Transform Structured Data Lists into a Tidy Data Frame for Plotting

This function takes a nested list of data (with up to three possible structures) and transforms it into a tidy data.frame suitable for visualization in LISSY. It supports three structures, typically outputs by weighted summary functions in lissyrtools such as: run_weighted_mean(), run_weighted_percentiles(), and run_weighted_count().

Usage

structure_to_plot(data_list)

Arguments

data_list

A named list containing the data to be transformed. The structure and naming conventions of this list determine how the data is processed.

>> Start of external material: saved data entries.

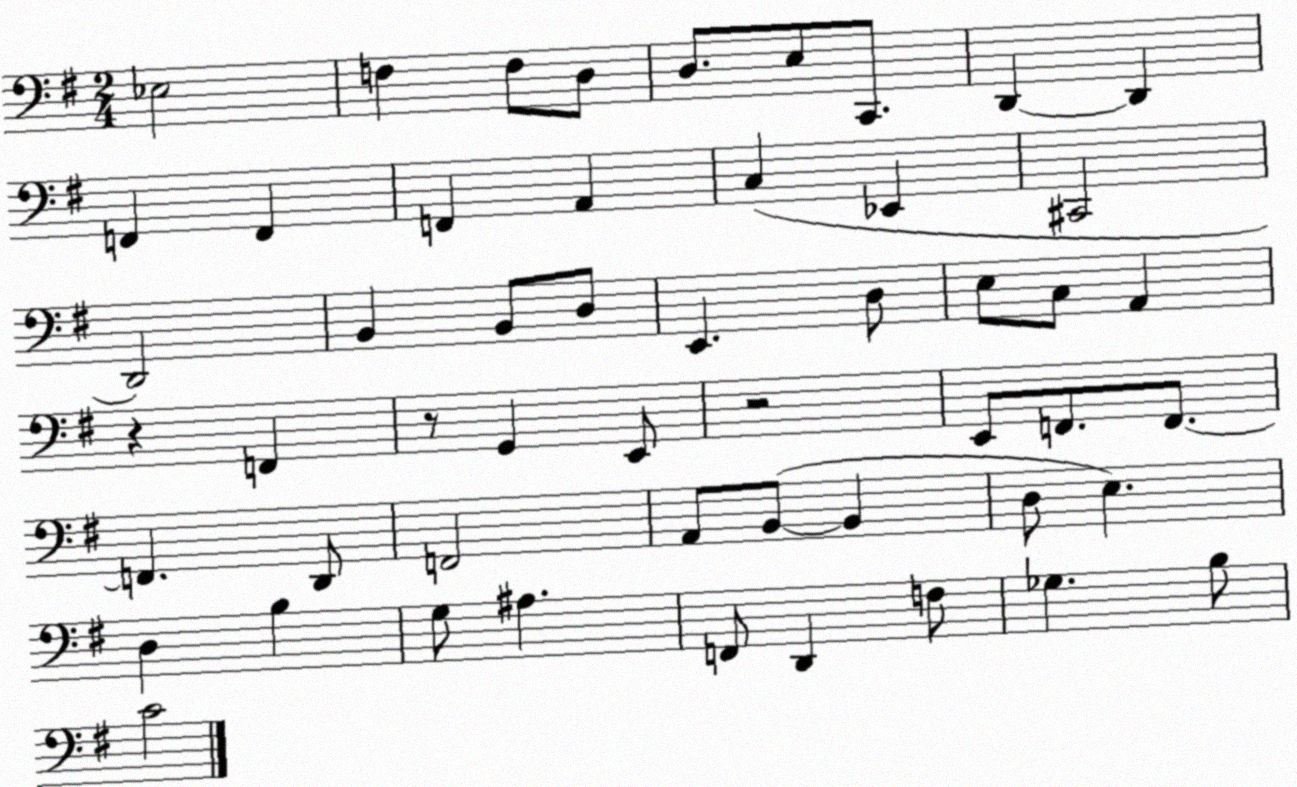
X:1
T:Untitled
M:2/4
L:1/4
K:G
_E,2 F, F,/2 D,/2 D,/2 E,/2 C,,/2 D,, D,, F,, F,, F,, A,, C, _E,, ^C,,2 D,,2 B,, B,,/2 D,/2 E,, D,/2 E,/2 C,/2 A,, z F,, z/2 G,, E,,/2 z2 E,,/2 F,,/2 F,,/2 F,, D,,/2 F,,2 A,,/2 B,,/2 B,, D,/2 E, D, B, G,/2 ^A, F,,/2 D,, F,/2 _G, B,/2 C2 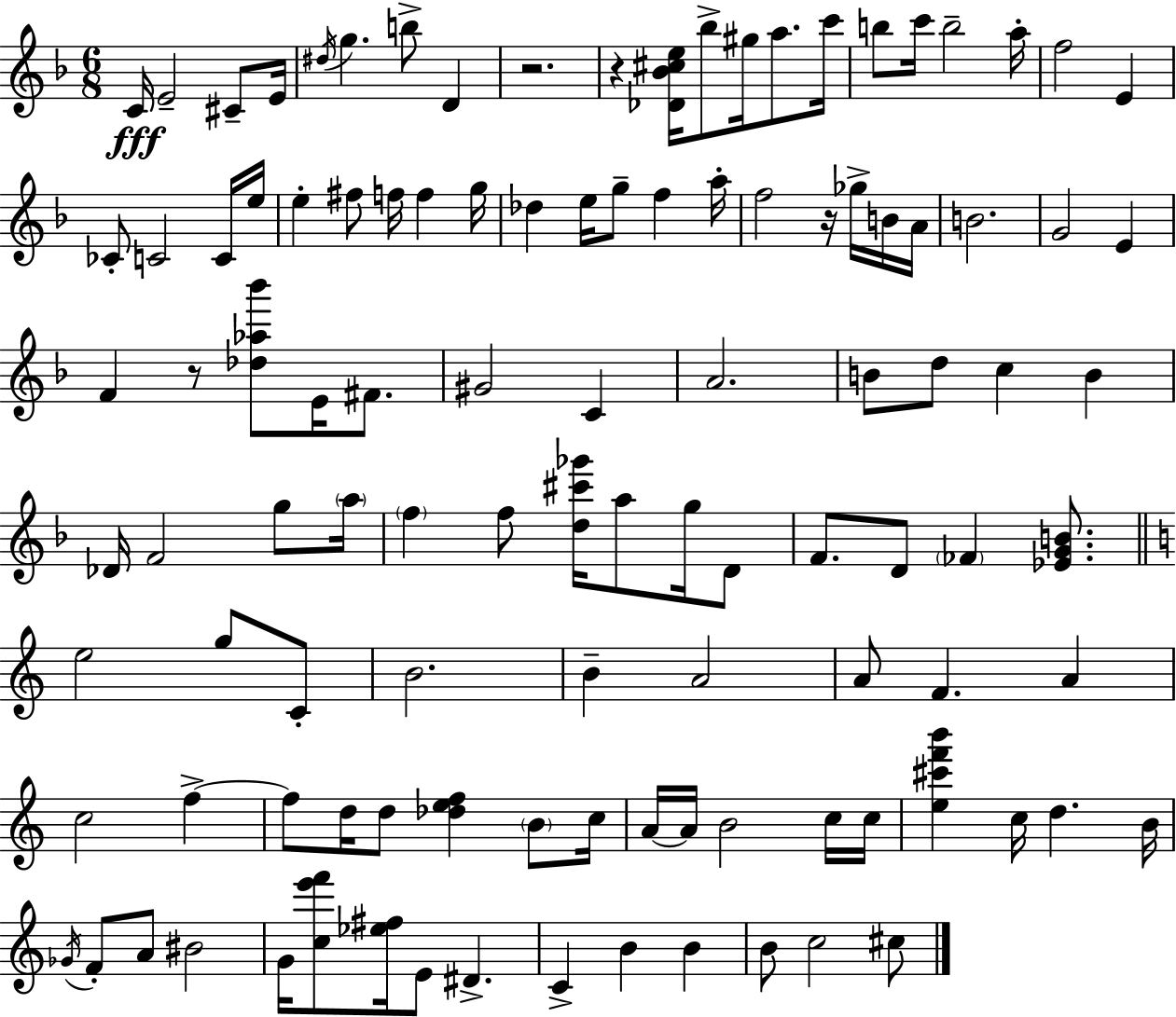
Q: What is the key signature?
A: D minor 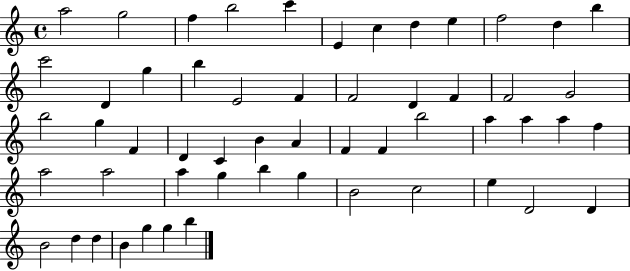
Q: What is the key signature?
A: C major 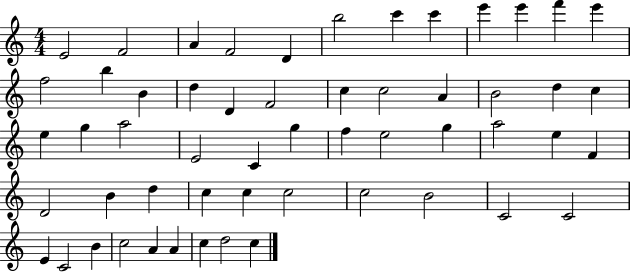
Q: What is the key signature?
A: C major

1st structure: List with country names as keys and named vectors of year-values. Expected when names(data_list) are country codes matching get_countries_lis() or get_countries_lws().
2nd structure: List with ccyy abbreviations as keys, and named numeric/integer vectors, where names represent categories. Typically output from functions grouped by a categorical variable, e.g. "educ".
3rd structure: List with ccyy abbreviations as keys, each containing sublists of named vectors. Represents more complex summaries with multiple grouping variables, percentiles, or shares.

Value

A tidy data.frame with the following columns (depending on input structure):

cname: Country name.
year: Year.
dname: Dataset country-year code in the ccyy form.
category: (2nd and 3rd structure) Grouping variable categories.
share / percentile / by_var: (3rd structure) Variable describing the vector names.
value: Numeric values from the input list.

Details

Depending on the summary statistics computed before, the function renames one of the columns in the 3rd structure based on pattern matching:

If the values contains "%" and "-", the column is renamed to share.
If the values contains "%", renamed to percentile.
Otherwise, renamed to by_var.

Examples

if (FALSE) { # \dontrun{

library(ggplot2)
library(lissyrtools)
library(RColorBrewer)
library(ggthemes)
library(purrr)
library(forcats)
library(dplyr)

data <- lissyrtools::lissyuse(data = c("es", "de"), vars = c("dhi", "educ", "pi11", "rural"), from = 2016)

# Example usage for 1st structure
weighted_means <- run_weighted_mean(data, "pi11")
df1 <- structure_to_plot(weighted_means)

# Example usage for 2nd structure
weighted_means_educ <- run_weighted_mean(data, "pi11", by = "educ")
df2 <- structure_to_plot(weighted_means_educ)

# Example usage for 3rd structure
weighted_percentiles <- run_weighted_percentiles(data, "pi11", by = "educ")
df3 <- structure_to_plot(weighted_percentiles)

# Example usage for 3rd structure but with shares
weighted_percentiles <- run_weighted_percentiles(data, "pi11", by = "educ", share = TRUE)
df3 <- structure_to_plot(weighted_percentiles)



# Chart example: Plotting education group shares over years by country
 

run_weighted_count(data, "educ", percent = TRUE, na.rm = TRUE) %>%
  structure_to_plot() %>%
  ggplot(aes(x = year, y = value, color = cname, group = interaction(cname, category))) +
  geom_line(linewidth = 1.2) +
  geom_point(size = 0.6) +
  scale_color_stata() +
  labs(
    x = "Year",
    y = "Share of Education Group (%)",
    color = "Country"
  ) + 
  expand_limits(y = 0) + 
  facet_grid(~fct_relevel(category, 'low', 'medium', 'high')) +
  theme_bw() +
  theme(axis.text.x = element_text(angle = 25, hjust = 1))
  

# Another example: plotting weighted mean of 'dhi' over years by country
data %>%
  purrr::map(~ .x %>% filter(relation == 1000) %>% mutate(new_wgt = nhhmem * hwgt)) %>%
  apply_ppp_adjustment("dhi", "lis", "lisppp") %>%
  run_weighted_mean("dhi", "new_wgt") %>%
  structure_to_plot() %>%
  ggplot(aes(x = year, y = value, color = cname, group = cname)) +
  geom_point() +
  geom_line() +
  labs(
    title = "dhi trend",
    caption = "Source: Luxembourg Income Study"
  ) +
  scale_color_stata() +
  scale_y_continuous(labels = scales::comma) +
  theme_minimal() +
  theme(axis.text.x = element_text(angle = 25, hjust = 1))
} # }